On Wednesday, Winkler, a Golden Valley DFLer who is also chair of the Rules Committee, said the conference-calls meetings were to be used only during an emergency and noted that the rule change approved last week sunsets next January. “I do this work in this manner with great reluctance, but see no alternative,” he said. “We have to keep staff and legislators safe and health during this pandemic. We need to continue doing the work of the public. And we need to do so in an open and transparent manner as far as we can.”

He said the Rules Committee meeting was a test, and that a similar format will be used by other committees. “It bears repeating that we are only doing this because we are under extreme circumstances,” Winkler said. “This is not precedent-setting but it is a historic moment.”

A routine meeting. Sort of …

 Winkler led the call and showed the awkwardness it caused at the very start. “The committee staff has informed me that a quorum is present,” he said. 

The meeting itself was routine, with reports on human resources changes for the House to allow working from home and expanded sick leave rules. The committee also heard a staff description of the conference-calls process and a plan to employ video conferencing soon (the Senate will use Zoom for a meeting of a new working group to consider legislation during the current recess). One person testified. Questions from committee members were supposed to be sent to House staff via email for Winkler to ask. There were none.
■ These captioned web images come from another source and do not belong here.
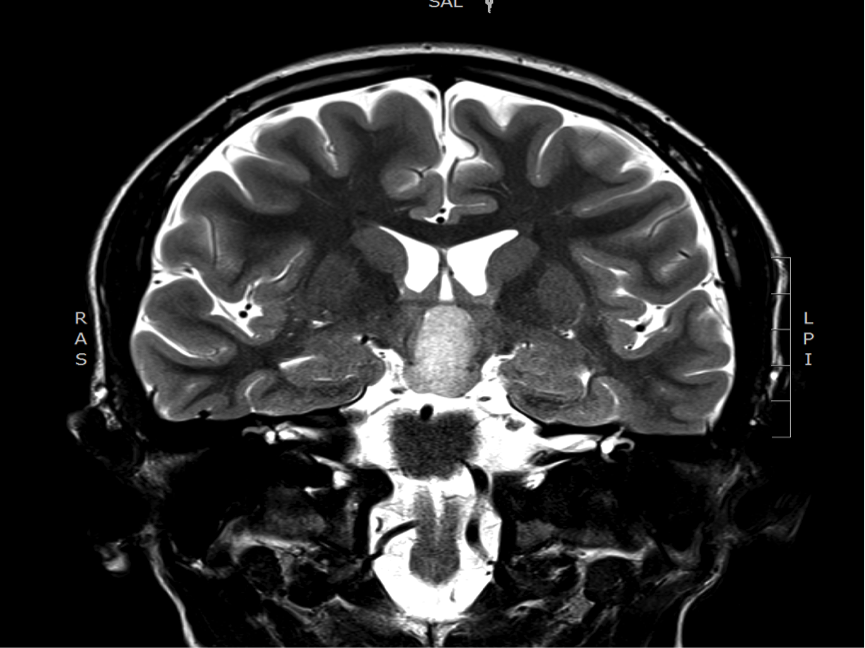 hypothalamic hamartoma 1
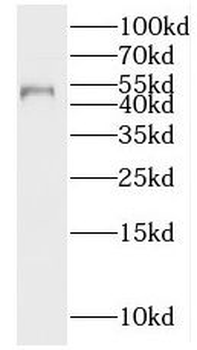 IP6K2 Rabbit Polyclonal Antibody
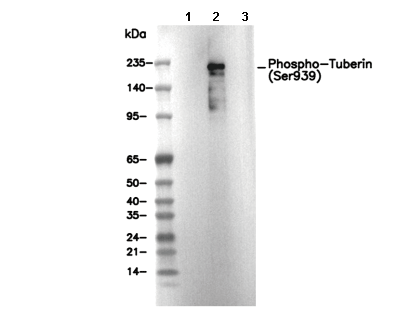Phospho-Tuberin (Ser939) Antibody [B6P7] WB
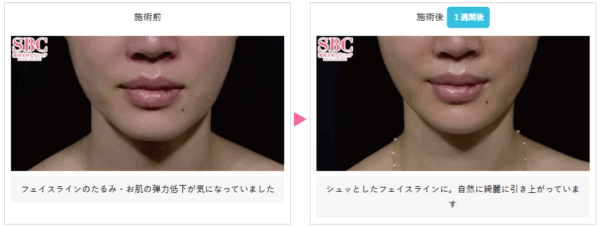 湘南美容クリニックのうるおいコラーゲンリフトの症例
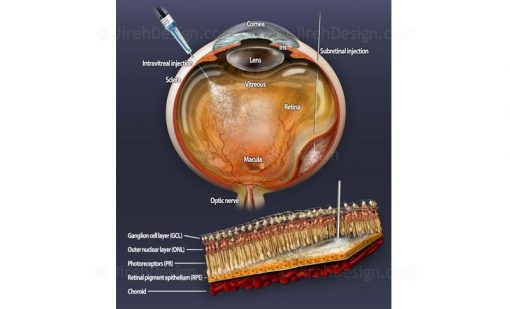 Intraocular drug injection therapies
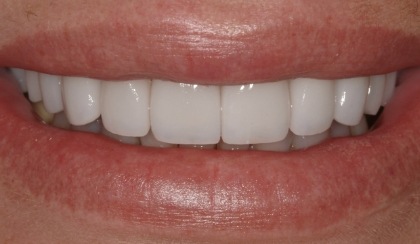 Closeup of young woman's flawless smile after porcelain veneers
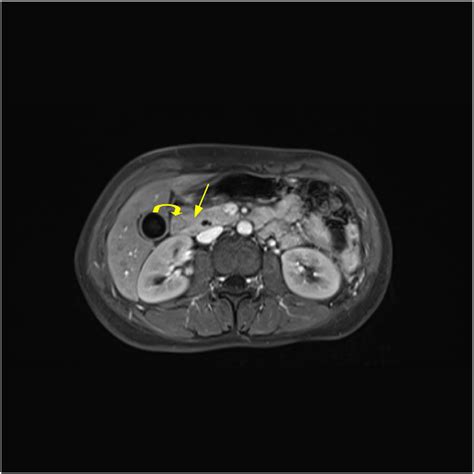 Investigation Of Annular Pancreas Through Multiple Detector Spiral Ct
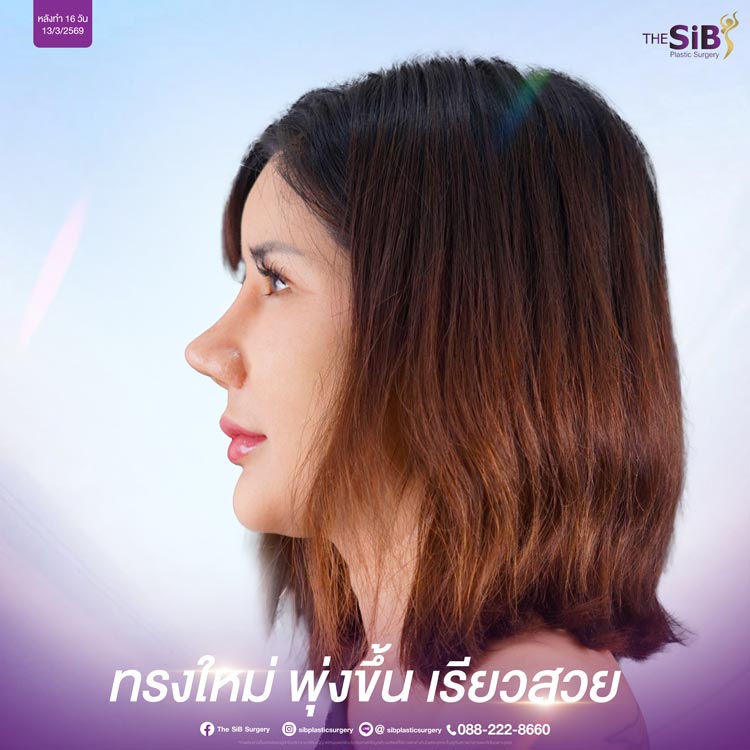 อัปเดตแก้จมูก 14 วัน จมูกตรงขึ้น ทรงสวยรับใบหน้า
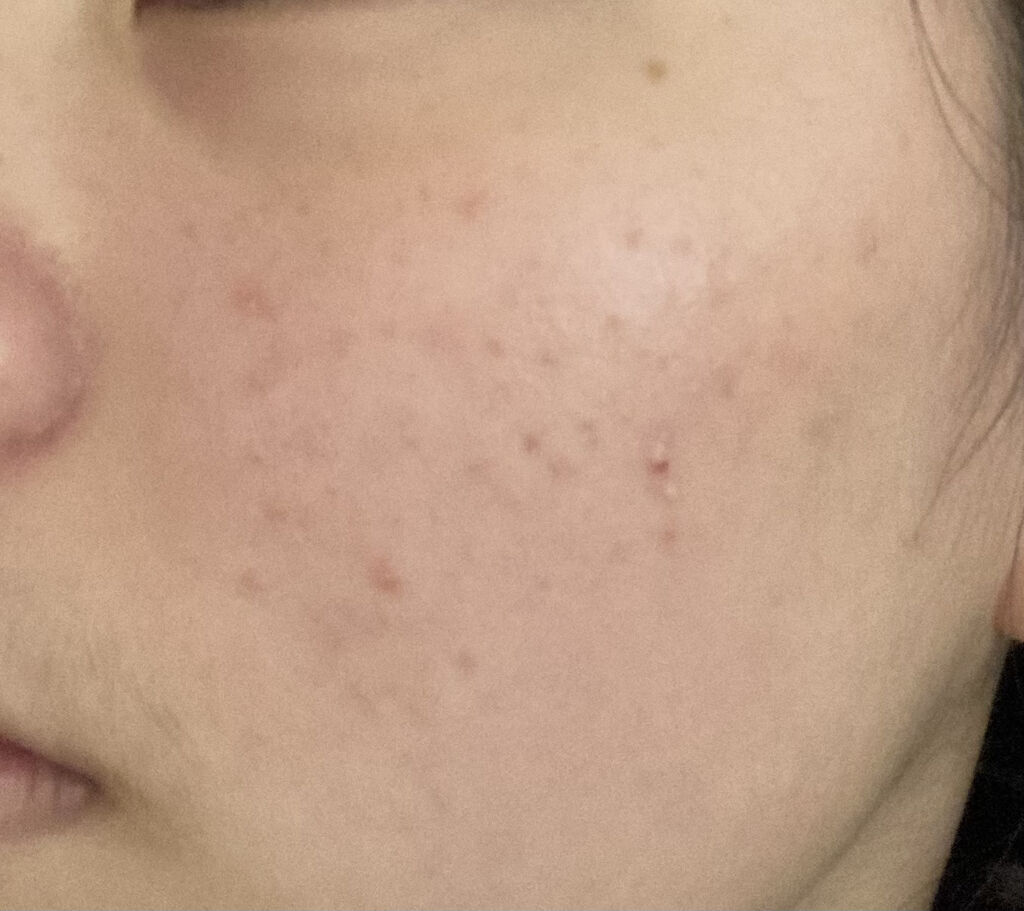 ハトムギ化粧水(ナチュリエ スキンコンディショナー R )/ナチュリエ/化粧水を使ったクチコミ（3枚目）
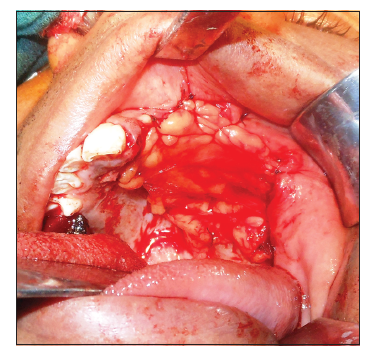 Reconstruction of palate with buccal fat pad secondary to resection of desmoplastic ameloblastoma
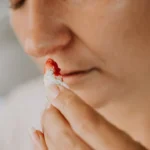 Nosebleeds in Summer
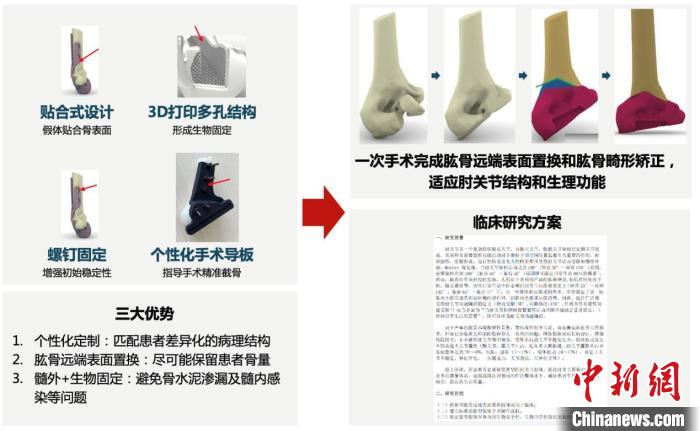 中國自主研發(fā)新型表面置換假體 填補空白、造福肘關(guān)節(jié)損傷者-肽度TIMEDOO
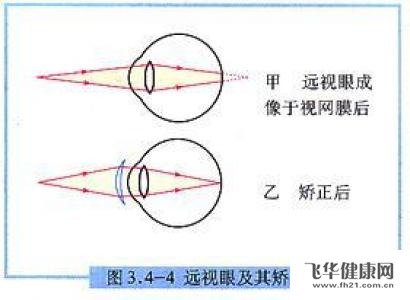 用什么方法可以知道自己远视眼的度数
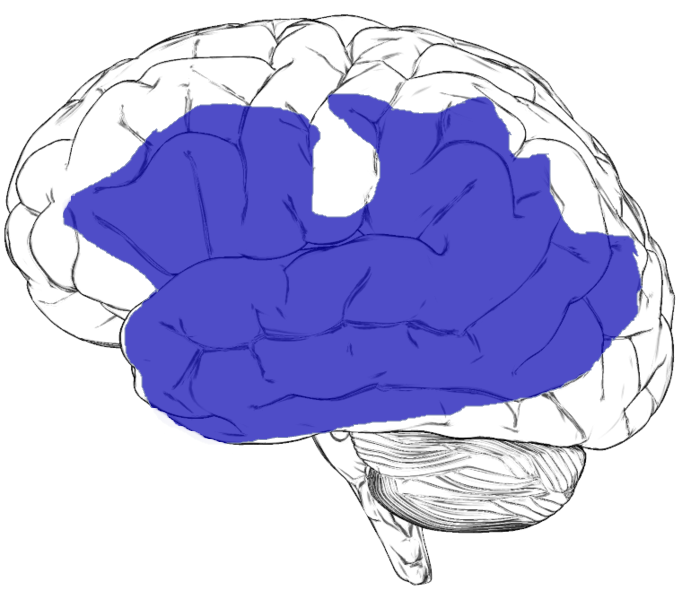 File:Aphasia.png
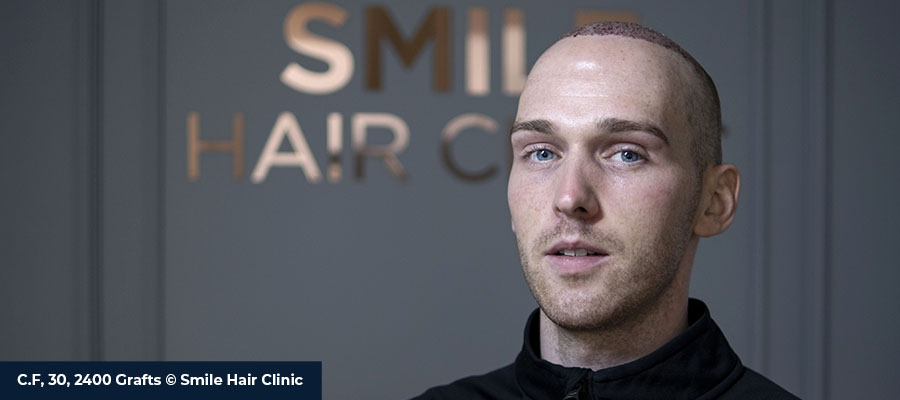Smile True Philosophy - Smile Hair Clinic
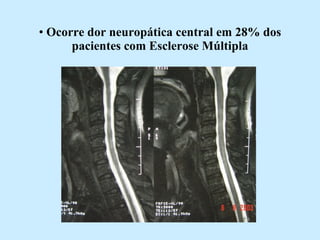Ocorre dor neuropática central em 28% dos pacientes com Esclerose Múltipla 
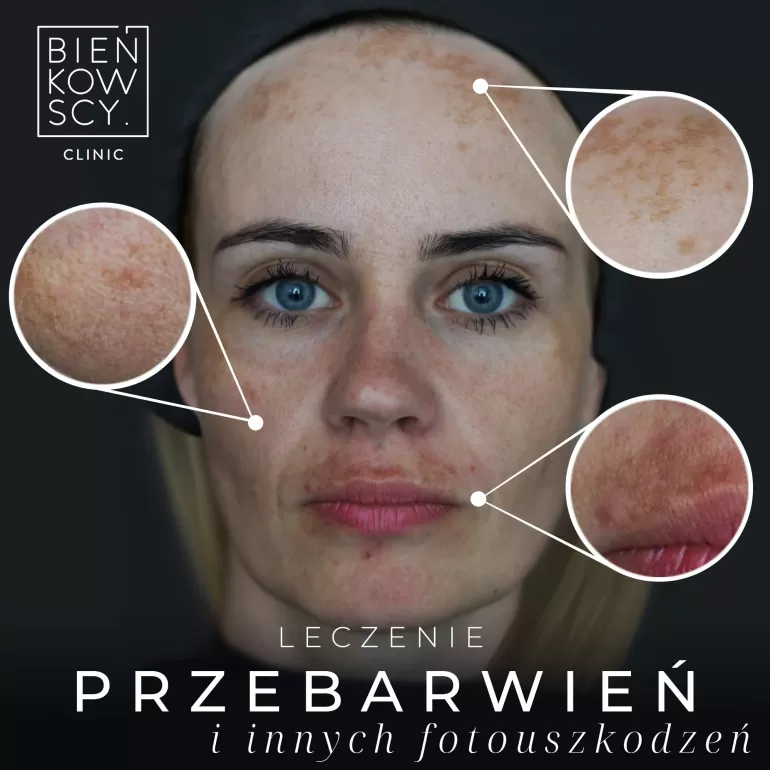 leczenie przebarwien bienkowscy clinic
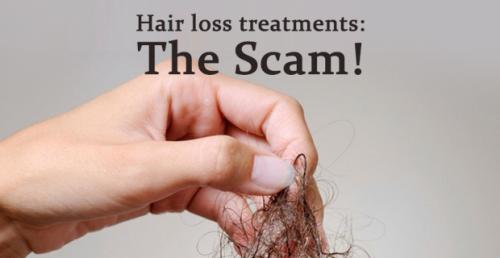 HAIR LOSS TREATMENTS: THE SCAM!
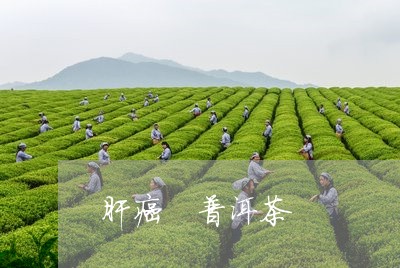 肝癌 普洱茶/2023042811131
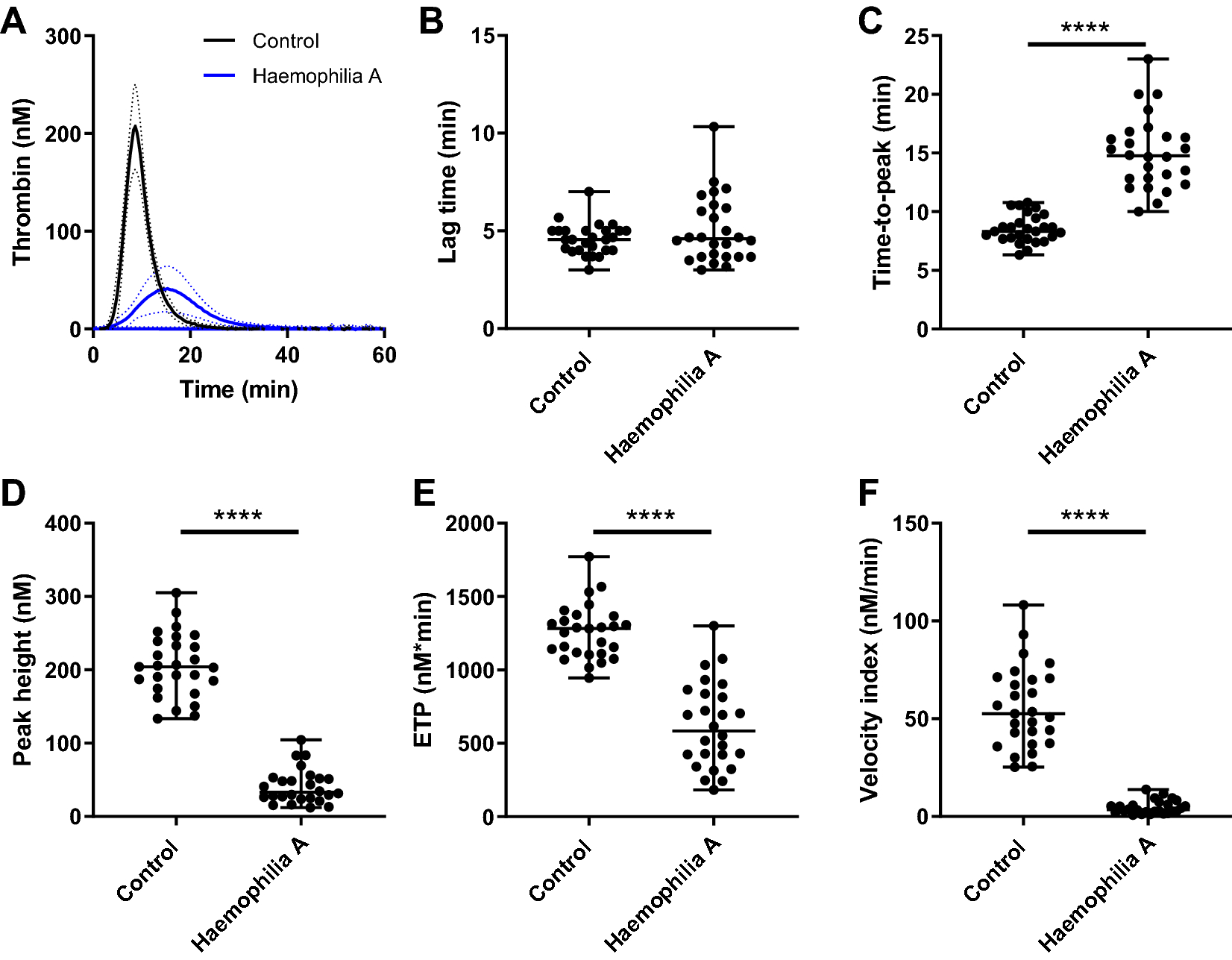 Antithrombin-lowering in hemophilia: a closer look at fitusiran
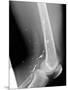 Shrapnel Injury, X-ray-Du Cane Medical-Mounted Photographic Print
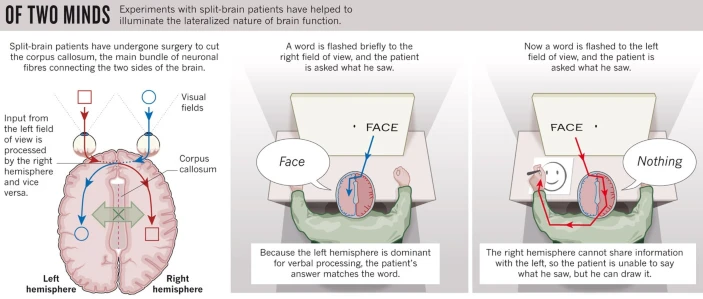 split brain diagram, courtesy of Nature, ISSN 1476-4687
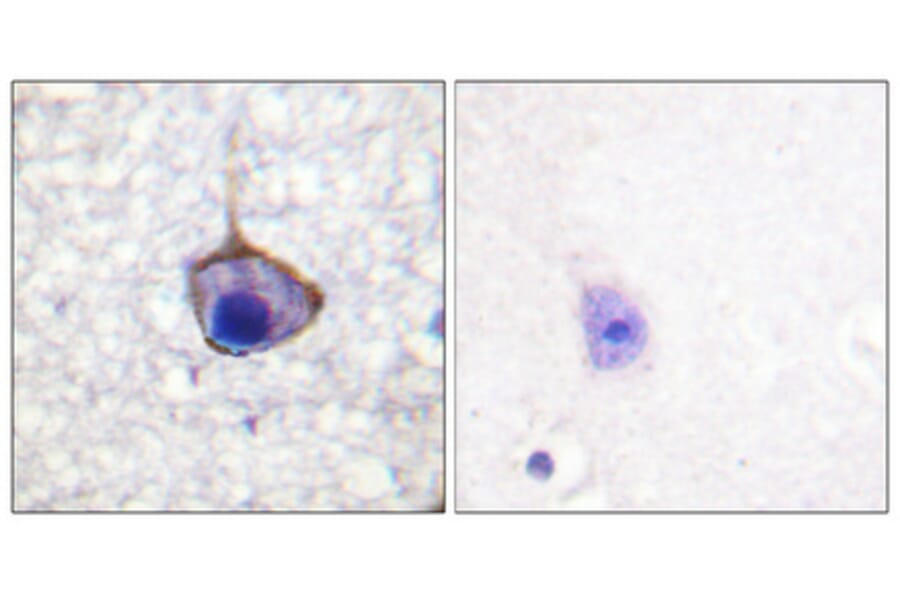 Immunohistochemistry - Anti-Trk A (phospho Tyr791) Antibody (A0034) - Antibodies.com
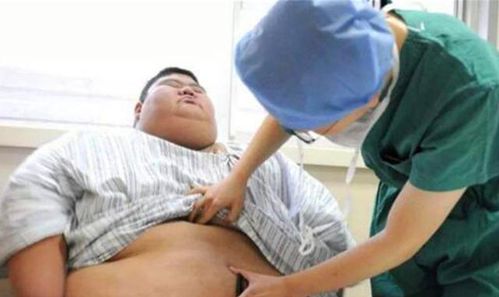 中国第一胖 王浩楠 一年甩掉363斤,减肥之后如愿抱得美人归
Aside from holding it via conference call, there was another aspect that also wasn’t routine. A glitch with the closed captioning system struggled to translate the meeting, especially the names of committee members during two roll calls. And so: Rep. Pat Garofalo of Farmington became “Then The Grass Along,” Rep. Mike Howard of Richfield became “The Tentative Howard,” Rep. Lyndon Carlson of Crystal was “Representative Karl Can,” Representative Hodan Hassan of Minneapolis came up as “Representative Poke Fun.” and Rep. Gene Pelowski of Winona was displayed as “Representative Pull Out Game.”

Unfortunately, the closed captioning is not contained in the audio-video record of the meeting on the House website.

Comments (3)

  1. Submitted by Ray Schoch on 04/02/2020 - 01:02 pm.

    So… it almost works… Not confidence-inspiring at this point, but it’s early.

    On the other hand, what if it DOES work as intended at some point? What if legislators can do all the things they now do at the capitol from their homes or offices?

  2. Submitted by Susan Peterson on 04/02/2020 - 08:36 pm.

    I’m sorry, I know this is serious and important stuff, but the high point of the story for me was the closed captioning glitches…made me laugh out loud, and boy, I needed that!

  3. Submitted by Alan Straka on 04/03/2020 - 02:05 pm.

    Closed captioning errors are pretty common. We usually leave CC on and it has served as source of humor. It is understandable when done on the fly but happens even on recorded material where it would be a simple matter to fix the mistakes before releasing the video.